March 31, 2022 5 min read

A Quest For Gold In Every State

Mike Devaney, 71, wanted to see the wild of America. Everything was so antiseptic in airports, and there was finger-wagging and lines and schedules. So he hopped in his car(s) to continue his quest to win a gold medal in race walking in every state.


Devaney figures he drives 50,000 miles a year now. At least. The Honda CRV has 249,000 miles. The Chevy Aveo has 142,000. These are not luxury rides, by any means, but they have what Devaney needs most: good gas mileage and cruise control.


“You can’t compete if your leg has been held in one position eight hours,” he said about the advantages of cruise control.


Wait…back up.


Gold medals in every state in race walking? Somebody is trying to do this?
Yep. Devaney, who is from Globe, Arizona, and is a retired casino executive, started race walking in 2014. He’s almost at the finish line of his Holy Grail, so it’s too late to rush to the window at one of his casinos and lay odds against him. He won the bet.


Well, just about.


Devaney has won at least one gold medal in 49 states in race walking. He has medaled in every state, just not gold in that ONE state.
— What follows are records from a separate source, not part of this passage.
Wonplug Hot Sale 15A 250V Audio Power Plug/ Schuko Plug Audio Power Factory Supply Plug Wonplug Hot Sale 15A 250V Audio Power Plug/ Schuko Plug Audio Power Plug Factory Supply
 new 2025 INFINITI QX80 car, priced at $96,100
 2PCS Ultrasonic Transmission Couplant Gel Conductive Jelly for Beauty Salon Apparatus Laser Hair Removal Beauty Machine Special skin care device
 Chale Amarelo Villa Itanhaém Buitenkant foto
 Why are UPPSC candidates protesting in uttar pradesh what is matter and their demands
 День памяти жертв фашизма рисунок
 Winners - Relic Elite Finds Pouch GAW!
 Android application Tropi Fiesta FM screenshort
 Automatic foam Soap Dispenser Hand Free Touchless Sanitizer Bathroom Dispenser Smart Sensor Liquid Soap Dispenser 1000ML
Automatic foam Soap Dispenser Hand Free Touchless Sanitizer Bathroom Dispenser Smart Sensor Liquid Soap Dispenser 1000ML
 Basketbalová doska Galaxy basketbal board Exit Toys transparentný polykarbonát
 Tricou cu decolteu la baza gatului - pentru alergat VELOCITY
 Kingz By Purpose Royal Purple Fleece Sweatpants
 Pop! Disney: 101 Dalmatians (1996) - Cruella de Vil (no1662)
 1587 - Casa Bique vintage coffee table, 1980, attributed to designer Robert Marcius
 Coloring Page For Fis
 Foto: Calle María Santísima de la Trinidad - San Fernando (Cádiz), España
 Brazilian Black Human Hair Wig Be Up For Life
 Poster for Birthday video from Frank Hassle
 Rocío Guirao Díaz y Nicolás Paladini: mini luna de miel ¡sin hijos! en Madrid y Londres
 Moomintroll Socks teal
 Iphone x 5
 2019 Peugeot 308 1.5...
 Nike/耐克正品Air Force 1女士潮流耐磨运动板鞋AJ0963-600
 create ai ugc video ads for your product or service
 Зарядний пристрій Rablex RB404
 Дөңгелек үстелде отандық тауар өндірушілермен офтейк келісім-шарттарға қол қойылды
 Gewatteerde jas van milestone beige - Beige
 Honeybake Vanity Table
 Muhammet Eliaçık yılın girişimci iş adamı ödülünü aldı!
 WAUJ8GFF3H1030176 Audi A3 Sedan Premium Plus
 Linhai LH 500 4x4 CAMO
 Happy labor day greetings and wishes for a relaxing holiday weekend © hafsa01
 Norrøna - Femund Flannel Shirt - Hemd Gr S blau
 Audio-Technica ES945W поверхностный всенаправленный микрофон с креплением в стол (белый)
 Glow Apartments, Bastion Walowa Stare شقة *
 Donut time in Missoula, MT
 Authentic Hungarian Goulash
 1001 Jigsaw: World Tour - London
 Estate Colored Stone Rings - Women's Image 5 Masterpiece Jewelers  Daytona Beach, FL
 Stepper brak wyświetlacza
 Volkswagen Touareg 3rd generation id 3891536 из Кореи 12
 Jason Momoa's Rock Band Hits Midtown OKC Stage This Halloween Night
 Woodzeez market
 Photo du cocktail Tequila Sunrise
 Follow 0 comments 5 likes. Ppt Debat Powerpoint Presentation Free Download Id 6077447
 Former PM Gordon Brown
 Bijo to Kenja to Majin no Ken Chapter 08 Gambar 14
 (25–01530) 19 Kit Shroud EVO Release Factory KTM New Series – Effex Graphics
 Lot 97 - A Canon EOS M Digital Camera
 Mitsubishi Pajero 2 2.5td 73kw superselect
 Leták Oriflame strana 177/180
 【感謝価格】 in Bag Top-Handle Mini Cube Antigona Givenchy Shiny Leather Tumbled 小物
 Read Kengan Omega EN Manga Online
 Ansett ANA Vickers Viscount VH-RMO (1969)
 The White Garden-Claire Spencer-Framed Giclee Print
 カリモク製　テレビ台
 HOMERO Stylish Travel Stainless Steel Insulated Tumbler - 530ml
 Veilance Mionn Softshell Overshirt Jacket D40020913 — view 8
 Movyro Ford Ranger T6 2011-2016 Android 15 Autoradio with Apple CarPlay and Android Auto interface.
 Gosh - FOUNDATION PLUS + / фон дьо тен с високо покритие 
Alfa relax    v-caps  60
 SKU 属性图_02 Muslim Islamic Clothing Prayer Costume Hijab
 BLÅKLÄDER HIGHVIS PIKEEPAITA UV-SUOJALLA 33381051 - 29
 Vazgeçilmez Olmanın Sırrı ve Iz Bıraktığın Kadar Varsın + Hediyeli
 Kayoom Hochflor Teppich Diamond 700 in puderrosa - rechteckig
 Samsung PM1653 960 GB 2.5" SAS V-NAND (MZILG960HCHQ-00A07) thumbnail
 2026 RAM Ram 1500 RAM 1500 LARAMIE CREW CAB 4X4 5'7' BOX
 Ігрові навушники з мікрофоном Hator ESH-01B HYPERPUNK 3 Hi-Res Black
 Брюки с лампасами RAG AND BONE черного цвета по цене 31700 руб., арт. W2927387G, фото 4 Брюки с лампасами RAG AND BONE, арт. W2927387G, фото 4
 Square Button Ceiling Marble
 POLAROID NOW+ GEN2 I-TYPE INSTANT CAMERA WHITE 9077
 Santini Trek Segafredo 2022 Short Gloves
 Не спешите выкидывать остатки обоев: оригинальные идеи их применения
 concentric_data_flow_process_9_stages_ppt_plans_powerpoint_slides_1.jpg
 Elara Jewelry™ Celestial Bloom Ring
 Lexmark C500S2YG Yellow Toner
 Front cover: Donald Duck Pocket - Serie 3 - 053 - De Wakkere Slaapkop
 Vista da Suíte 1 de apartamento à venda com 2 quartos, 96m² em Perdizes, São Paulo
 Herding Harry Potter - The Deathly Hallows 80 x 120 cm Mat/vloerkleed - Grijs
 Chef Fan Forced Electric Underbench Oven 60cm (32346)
Illinois is the scofflaw. Mike is coming for your gold Illinois, but he is not coming through O’Hare or Midway airports. When he conquers Illinois it will be on Route 24 into Peoria, or Interstate 72 into Champaign.


If he gets his weight down to 146 pounds, Devaney insists he is going to be a gold medal threat all over the country in 2022, including Illinois.


**


You don’t have to ask Mike Devaney why he is on this adventure of driving, walking, and driving. It’s the competition. It won’t let go of him, and he won’t let go of it.


Devaney does not have industry-standard ambition.


He went to high school in the Seattle area back in the late 60s when Washington state and Oregon were the two premier distance running states in the country. Devaney was part of that crowd that included icons Steve Prefontaine and later, Alberto Salazar, and became immersed in the culture of running. Devaney was highly-ranked nationally in the 5,000 when he was 37.


A workload and a motorcycle accident bounced him out of running. He couldn’t train to win and that was deflating. He gained weight and didn’t look like much of a runner, or feel like one, for that matter.


The accident, which pinned his left leg against a telephone pole, made it so Mike could stride just one meter, instead of two the rest of us use for running.
The epiphany to switch to the race walk came in 2014 when he got shingles. Pneumonia came with it and three ribs exploded, and one is permanently dislocated. Devaney had to sleep in a recliner for 30 days because it hurt so bad to lay down.


“I wanted to die, the pain was unbelievable,” he said.


On the 30th day, Devaney got up, slipped on some deck shoes, and walked two miles. His feet hurt with blisters because, well, deck shoes are not made for walking.


But something clicked. He could walk fast, he discovered, and the thrill returned of going faster than somebody else.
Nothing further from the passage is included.